What to produce
Return only the stretch of the material below that begins with the line containing "Clavette demi-lune PUBERT 0301040009" and ends with the line containing "Schuberth C4 Pro Swipe Grey", exactly; both of those lines belong to it.

Records for this task

┄┄┄┄┄┄┄┄┄┄┄┄┄┄┄┄┄┄┄┄

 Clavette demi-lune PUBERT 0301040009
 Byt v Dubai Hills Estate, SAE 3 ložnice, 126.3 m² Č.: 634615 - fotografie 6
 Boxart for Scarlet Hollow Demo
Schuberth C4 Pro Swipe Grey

┄┄┄┄┄┄┄┄┄┄┄┄┄┄┄┄┄┄┄┄

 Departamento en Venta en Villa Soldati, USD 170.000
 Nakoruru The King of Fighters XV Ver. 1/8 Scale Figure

┄┄┄┄┄┄┄┄┄┄┄┄┄┄┄┄┄┄┄┄

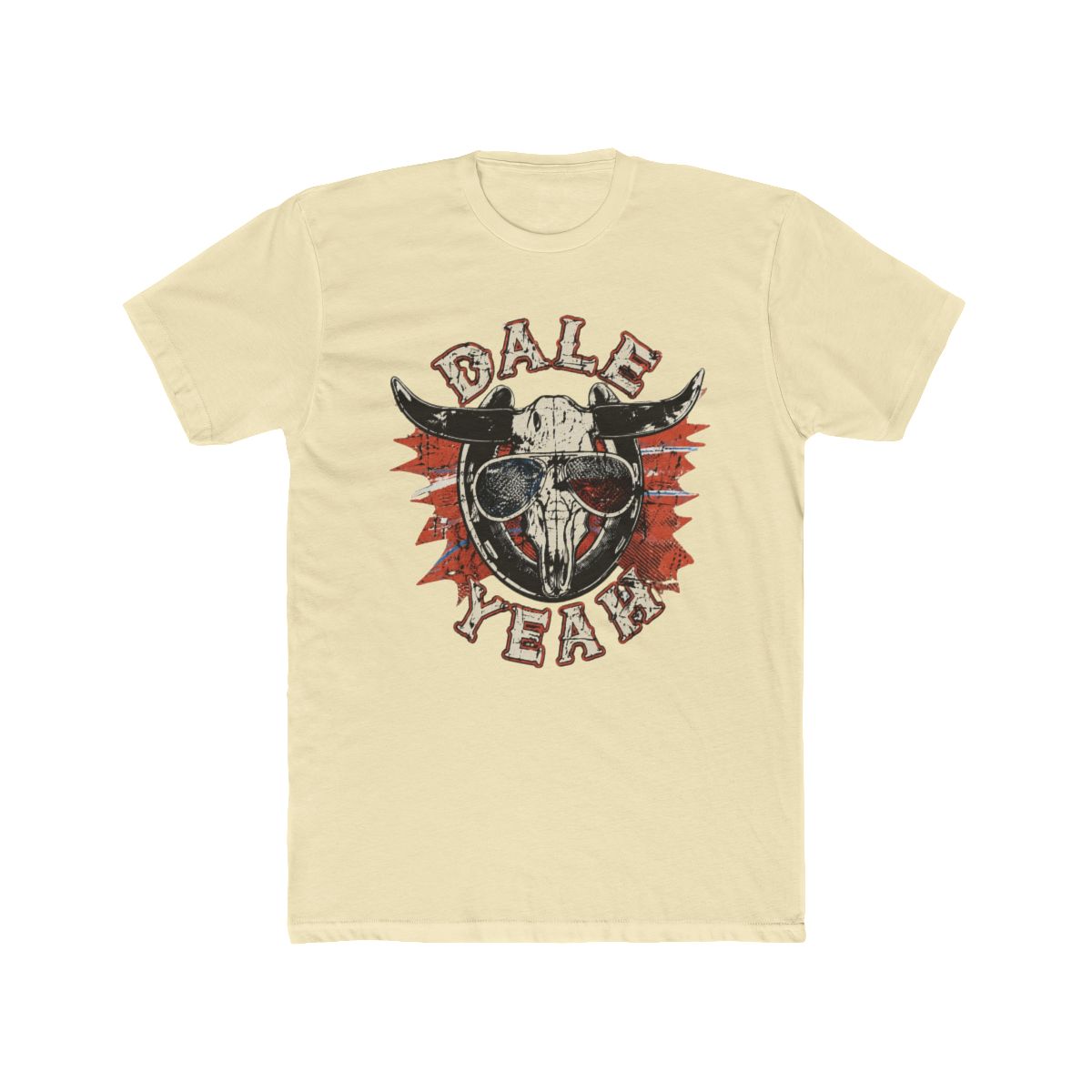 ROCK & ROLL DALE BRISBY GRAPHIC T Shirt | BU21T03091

┄┄┄┄┄┄┄┄┄┄┄┄┄┄┄┄┄┄┄┄

Output
 Clavette demi-lune PUBERT 0301040009
 Byt v Dubai Hills Estate, SAE 3 ložnice, 126.3 m² Č.: 634615 - fotografie 6
 Boxart for Scarlet Hollow Demo
Schuberth C4 Pro Swipe Grey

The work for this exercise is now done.